Now alike in nature and art, backgrounds are often as important as
foregrounds, and poetry and music are of all arts most companionable
to each other. Far more things go to the making of a composition than
even composers are aware of, and a historical perspective is very necessary
to anyone desirous of following the trend and meaning of modern developments.
So it seems wisest here not to dissociate Gloucestershire and its composers,
and vice versa.
Some landscapes have no subtlety; at a glance they lay bare their character.
But others imply far more than they reveal, forever conveying their
hints of what lies beyond. Gloucestershire has this unuttered beauty
to the full. The sea, the hills of Wales, the Warwickshire meadows where
once Shakespeare walked, are often visible to the eye, and always present
even when unseen; their influence is felt flowing from beyond the sky
line as surely as the Teme and Avon flow to enrich the Severn.
Land of Arthurian Romance
And just as there is an awareness of these things in the actual landscape,
so in the background of thought their poetic associations are apparent.
For there in Wales are the "dim, rich" legends of King Arthur and the
knights with their superhumanly human types; and there in Warwickshire
lie all the rounded glories of Shakespeare and his plays. Culture and
civilisation have been almost continuous in Gloucester and Worcester
from Roman times, and it is interesting and significant that what King
Alfred wished to gather round him at his court - a circle of learned
men, practically all he could find in England came from this district,
the rest being foreigners brought from abroad.
These things then lie in the background. In the middle distance of
history, and more closely connected with Gloucester, rises that first
really fine English poem "The Vision of Piers Plowman", written during
the reign of Edward III, the opening passages of which recount the visions
that came to the poet as he lay upon the Malvern hills gazing out over
the wide country beneath. It is of little moment that the poem is by
three different authors, as recent authorities aver. What gives it a
peculiar interest for anyone well acquainted with the composers of the
Gloucestershire Group is the way in which certain characteristics appear
and reappear, both in the earlier and later work, bridging the centuries
at a bound. A profound feeling of pity and human brotherhood, a passionate
democracy, a hatred of shams, a love of liberty, a sturdy opposition
to all oppression or injustice - these alike are shared by the writer
of "Piers Plowman", Sir Hubert Parry and Ralph Vaughan Williams.
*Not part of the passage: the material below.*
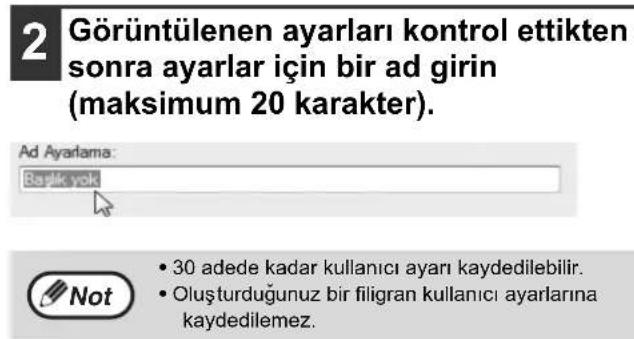 SHARP AR-6023N - (Kullanıcı ayarları) - 2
Or
in the matter of meter, there again is the direct contact; for, with
the difference that the old plan of alliteration appears as the linking
quality of the verse instead of the the later one of rhyme Piers Plowman
uses what is essentially the most modern conception of meter, a system
in which the controlling unit of a line is the number of stresses and
not the number of syllables.
Langland and Modern Verse
To a musician it is clear that this stress system approximates closely
to the rhythms of music; but to the worthy professors of a hundred years
ago it was a puzzle and the following explanation appeared in a manual
of English literature: "The meter of 'Piers Plowman' is not very regular
as the author's earnestness led him to use the fittest words rather
than those which merely served the purpose of the rhythm." The very
same thing might be said today of the poems of Ivor Gurney by persons
unacquainted with recent developments since he constantly employs this
stress method, handling it with a boldness derived from his double experience
as a composer and poet.
During the last two centuries poetical associations have thickened
about Gloucestershire. Though no man of letters has dedicated himself
to the service of the county as Hardy and Barnes have done to Worcestershire,
many poets have dwelt and worked in the district. Chatterton, Southey
and Beddoes were all natives of Bristol - the port from which Cabot
and his sons sailed to discover America. Wordsworth's famous 'Lines
Written Above Tintern Abbey' may quite justifiably be claimed for the
Gloucestershire bank of the Wye. W.E. Henley, one of the pioneer poets
of the later Victorian times was born in Gloucester city. Thomas Hardy
has written a long poem 'The Abbey Mason' on Gloucester Cathedral and
its superb perpendicular architecture. F.W.H. Myers and Adam Lindsay
Gordon had connections with Cheltenham.
The Bells of Gloucestershire
One of the best poems in Housman's 'Shropshire Lad' touches on Gloucestershire
and deals with Bredon Hill:
In summer time on Bredon
The bells they sound so clear:
Round both the shires they ring them
In steeples far and near
A happy noise to hear
This bell music is very characteristic of an English countryside, and
particularly so of this region, since for hundreds of years a famous
foundry existed at Gloucester and there are over 1600 bells in that
county alone. They are not organised into carillons as in Belgium; yet
these 'rings' (to give them their technical name) are among the sweetest
sounds of home to an English ear. Herbert Howells has unconsciously
reproduced the lovely combinations of their overtones in the coda to
the first movement of his violin sonata in E flat.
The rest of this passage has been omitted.